Puis, le lendemain, j’ai pointé mon nez dans la boutique Alden. Là, le vendeur, à l’américaine, très entreprenant et professionnel, m’a fait poser les pieds sur le pédimètre. Verdict direct : « monsieur, vous faites du 10 (donc 9 UK ndlr) et plutôt en largeur étroite, pas standard« . Ah bon…?

J’ai donc pris une paire ainsi. Puis une seconde. Au quotidien, c’est très plaisant. En revanche, à l’usage, je note tout de même deux choses. 1- J’ai l’impression d’avoir des bateaux aux pieds. 2- Des plis se forment au dessus de la chaussure, de manière bien plus marquée que sur mes souliers en taille 9.

Toutefois, je me souviens que le vendeur d’Alden portait lui-même des mocassins visiblement très confortables, un peu large. Avec le temps, je pense qu’il est probable qu’outre-atlantique il soit concevable d’acheter un peu grand, alors qu’en Europe, on préfère peut-être la vanité d’un pied petit…? Il n’y a pas une grande vérité, l’aisance est une notion qui varie d’un pays à l’autre, d’une personne à l’autre.

Pour la suite, j’ai commandé une paire en 91/2. On verra bien. Je me ferais un avis.

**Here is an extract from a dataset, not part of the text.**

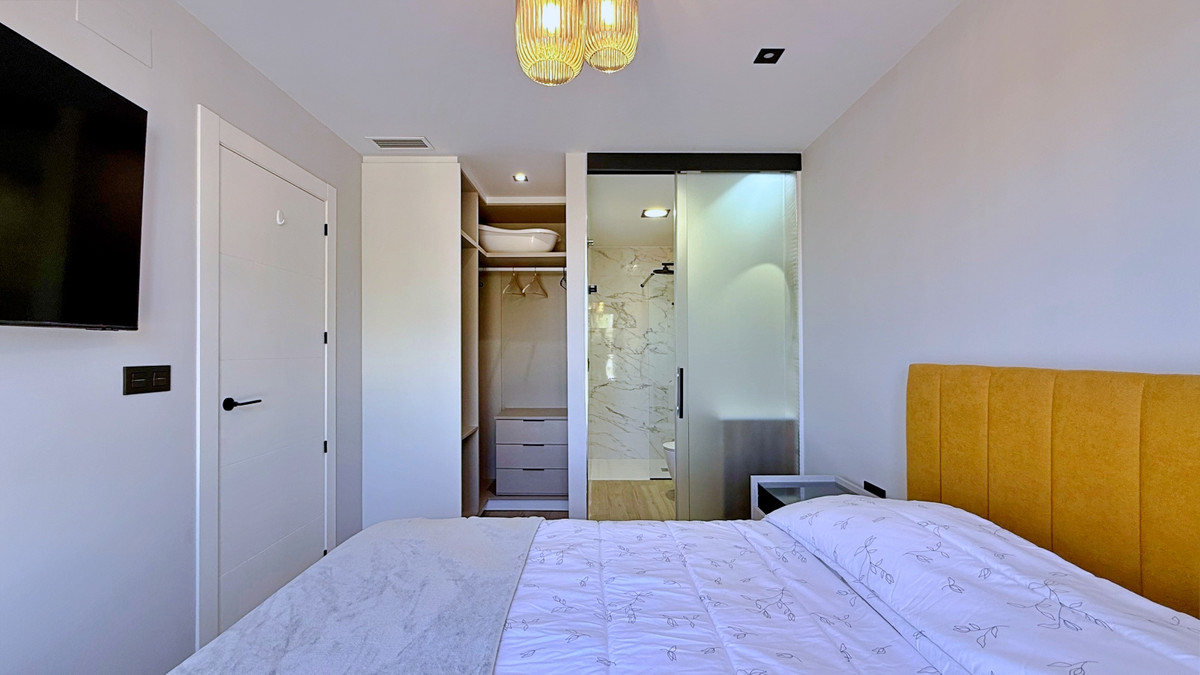 Se vende Ático de 2 dormitorios en Costa Blanca, Alicante, España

Finalement, avec mon collaborateur Raphaël m’est venu une intuition. Car lui chausse du 5. Dans lequel il a un peu mal à la fin de la journée. Et le 6 est un peu trop grand. Mais qui lui serait peut-être conseillé outre-atlantique…?

Peut-être que la bonne solution est d’avoir différentes pointures, pour différents moments. Lorsque je sais que la journée est calme à la boutique, sans une soirée après, je peux porter la pointure 9, idéale et très élégante, car faisant un pied de bonnes proportions. Si jamais je dois aller à un diner le soir ou à l’Opéra, je chausse le matin du 10, à peine ample, mais préférable pour endurer l’effort.

« N’a de conviction que celui qui n’a rien approfondi » écrivait Cioran. C’est très vrai. Alors je relativise cette question de la pointure. Rien n’est tout à fait parfait en ce bas monde, il faut s’adapter aux conditions du moment.